La «Storia di Orfeo», un compromis entre le récital et l’opéra

La star du chant Philippe Jaroussky
Photo: Loïc Venance Archives Agence France-Presse La star du chant Philippe Jaroussky

La salle Bourgie recevait mardi la star du chant Philippe Jaroussky, accompagnée de la soprano Amanda Forsythe et des musiciens du Boston Early Music Festival Chamber Ensemble. Jaroussky n’était pas la seule vedette sur scène puisque la direction musicale du spectacle était assurée par les luthistes Paul O’Dette et Stephen Stubbs, qui cumulent une discographie de plusieurs centaines de titres. Riche en découvertes, le programme n’en a pas moins été présenté sur un fil narratif quelque peu distendu.

La proposition que venaient défendre ces musiciens a pour titre La Storia di Orfeo. Développée par Jaroussky, qui en a fait un disque en 2017, elle explore l’idée de créer une nouvelle œuvre autour du mythe d’Orphée en réagençant des extraits de trois opéras de compositeurs italiens du XVIIe siècle : Claudio Monteverdi, dont on considère L’Orfeo comme le « premier » opéra, et les beaucoup moins connus Antonio Sartorio et Luigi Rossi.

Entre les airs s’intercalent des pièces instrumentales de musiciens de la même époque, poursuivant une formule popularisée ces dernières années par d’autres ensembles, tel L’Arpeggiata, venu présenter à Montréal en 2017 un projet très semblable articulé lui aussi autour de la figure d’Orphée… et de la musique de Rossi !

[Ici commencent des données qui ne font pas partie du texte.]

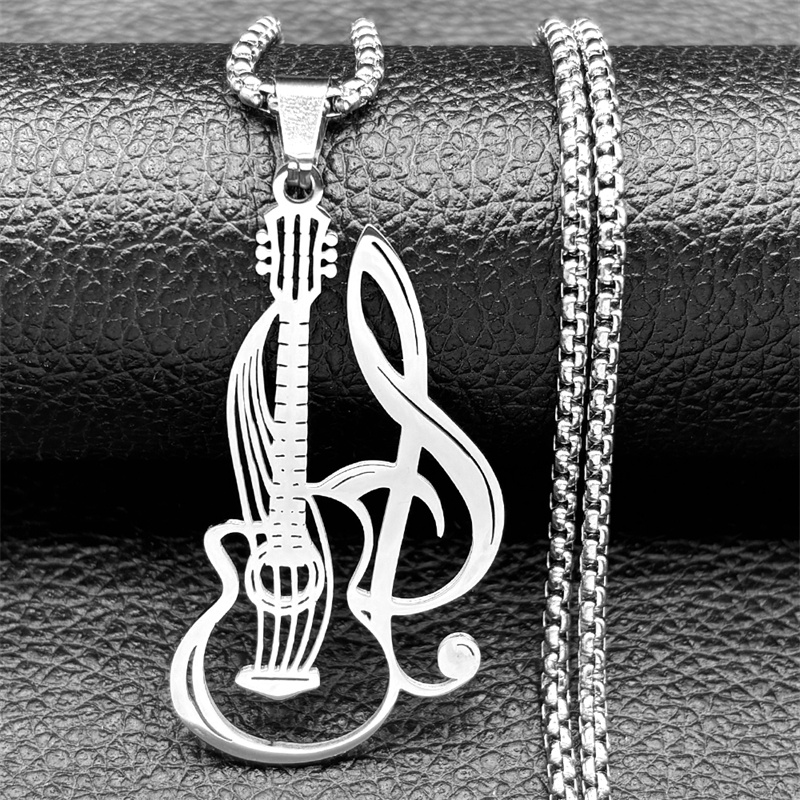 Hiphop Elektrische Gitaar Muzi - Musical Instrument Symbols recensie en prijs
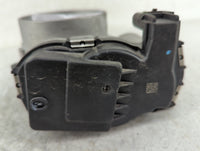 2023 Dodge Ram 1500 Throttle Body P/N:53034251AD Fits Fits 2012 2013 2014 2015 2016 2017 2018 2019 2020 2021 2022 OEM Used A
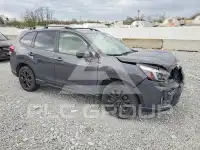 2021 Subaru Forester фото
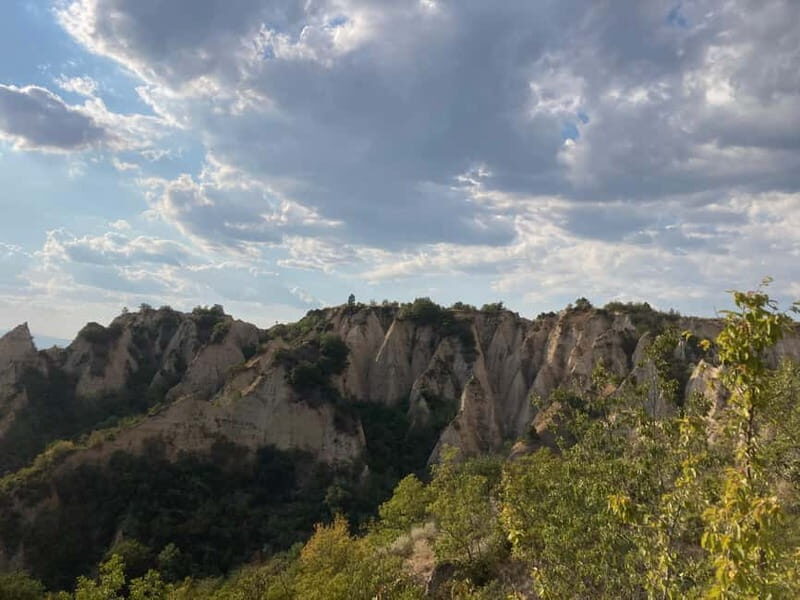 3-Day Monastery Tour: Rila, Bachkovo & Rozhen from Sofia - What the Tour Includes and What It Doesn’t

Dans sa version, Jaroussky ne conserve que les personnages d’Orphée et d’Eurydice, qu’il incarne sur scène avec Forsythe. Tel le barde descendant aux Enfers, Jaroussky/Orphée entend Eurydice sans la voir, placée qu’elle est derrière les musiciens. Pour Orfeo tu dormi ?, Forsythe, en ombre d’Eurydice, chante du balcon, un des temps forts du spectacle.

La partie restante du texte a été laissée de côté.